- Your goal -
Repeat exactly the lines of the records below, starting at the line containing "5 Bed 6 Bath 650 SQ.M Glory Village Pattaya" and ending at the line containing "Used 2025 Cadillac XT5 Luxury image 17". Leave the pictures out.

[[ Records shown, beginning ]]

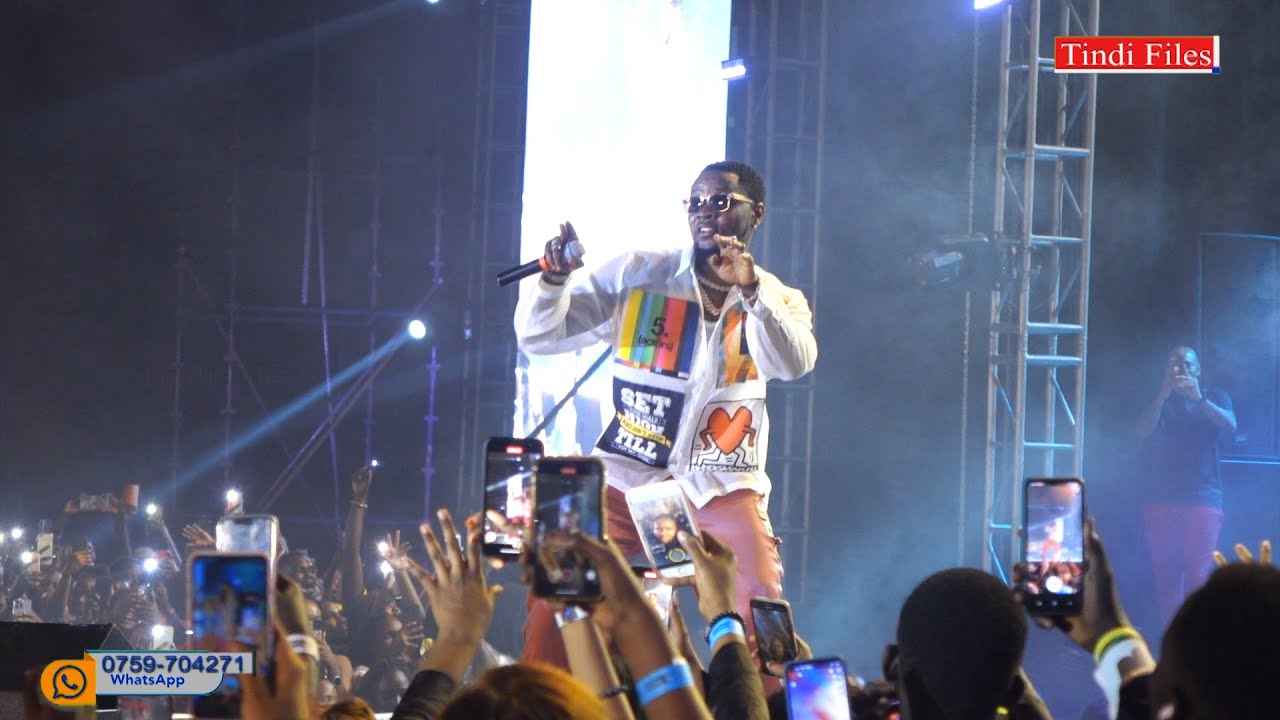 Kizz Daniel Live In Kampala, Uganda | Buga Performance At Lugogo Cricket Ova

[[ Records shown, end ]]
[[ Records shown, beginning ]]

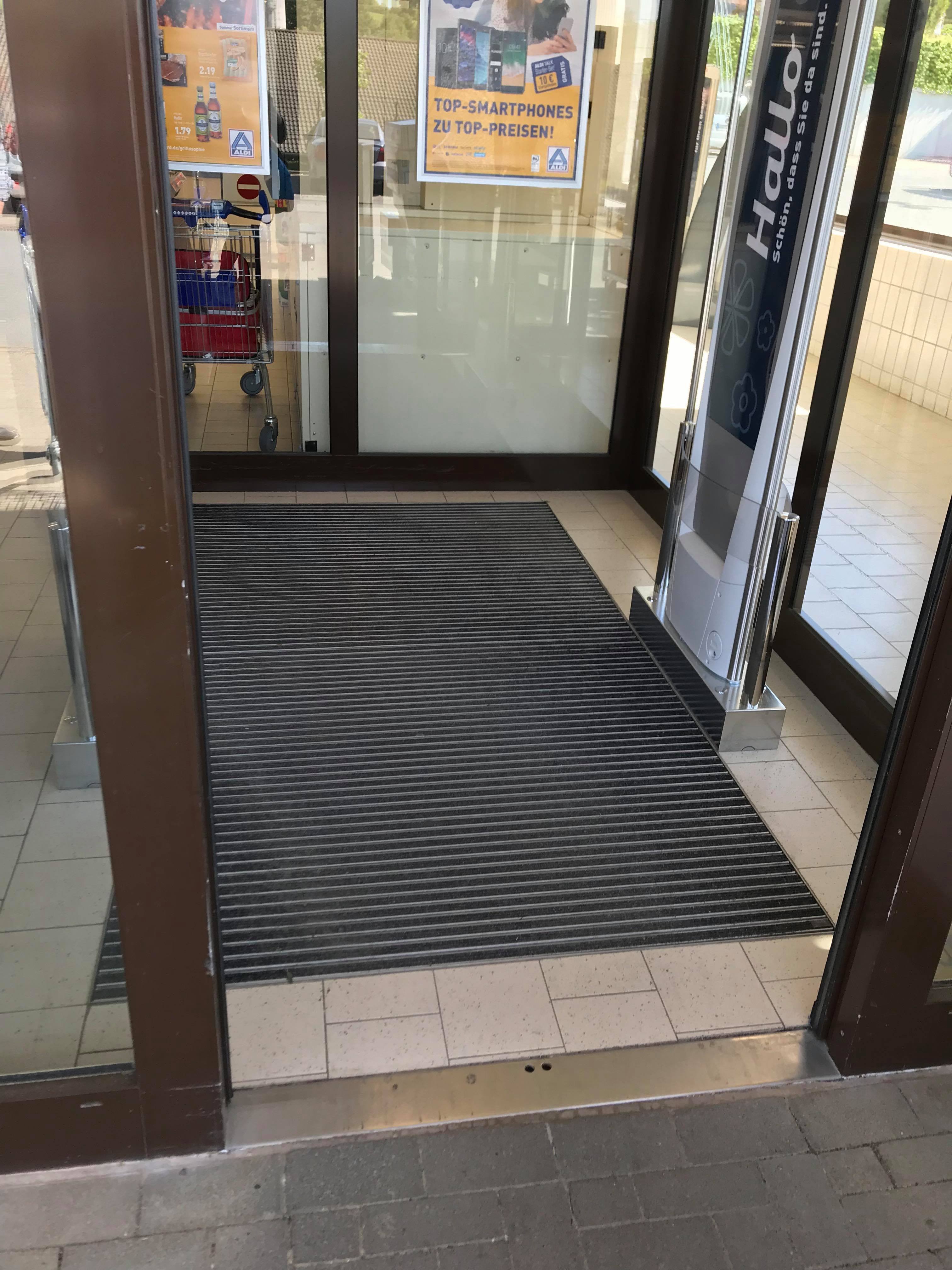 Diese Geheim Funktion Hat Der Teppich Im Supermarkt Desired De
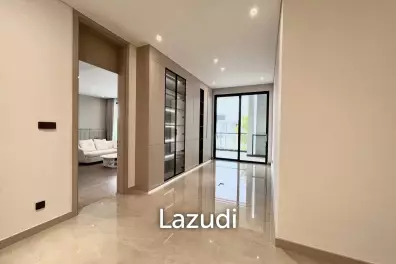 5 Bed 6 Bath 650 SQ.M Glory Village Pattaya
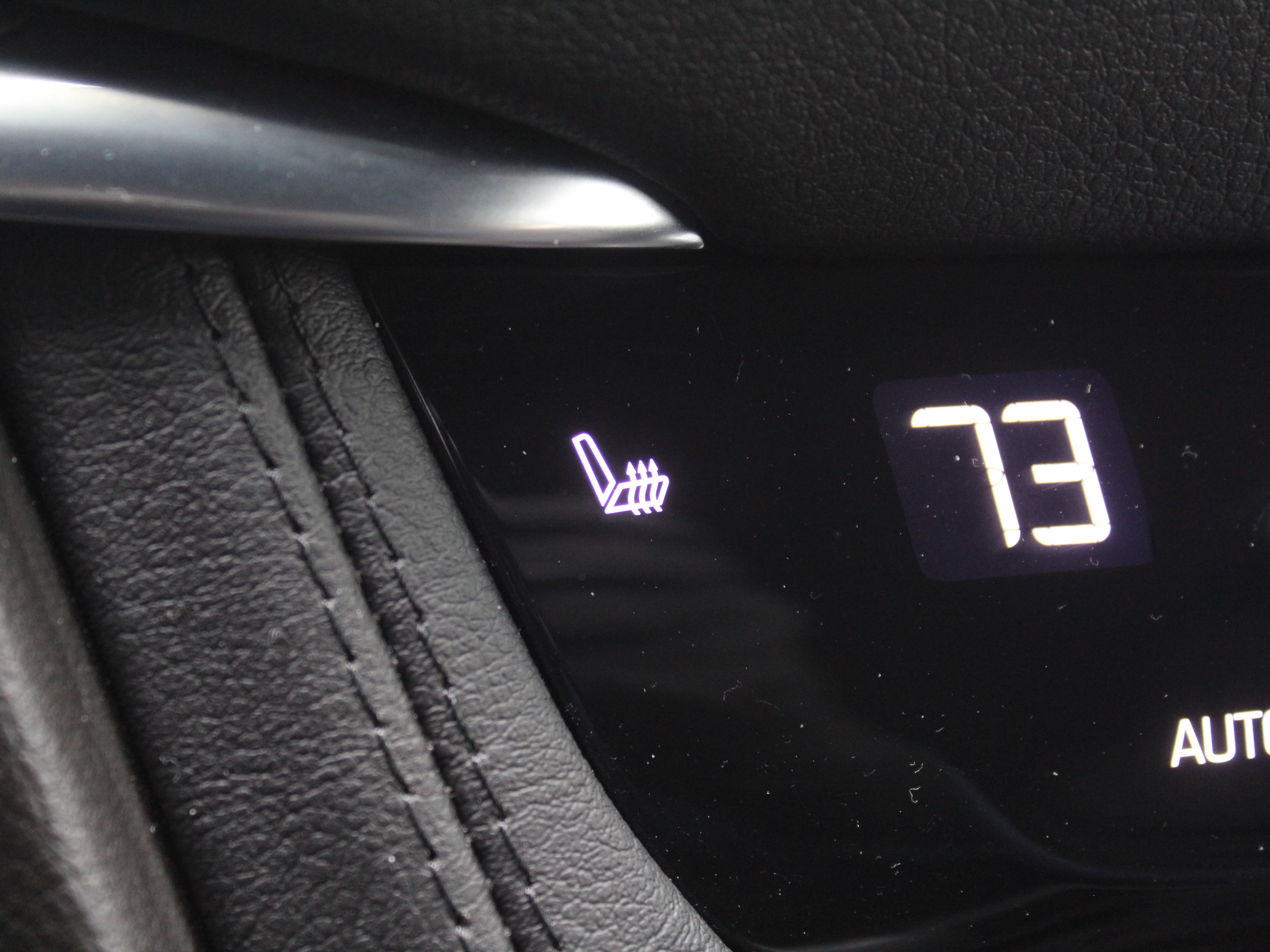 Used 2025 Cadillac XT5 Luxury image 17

[[ Records shown, end ]]

- Response box -
 5 Bed 6 Bath 650 SQ.M Glory Village Pattaya
 Used 2025 Cadillac XT5 Luxury image 17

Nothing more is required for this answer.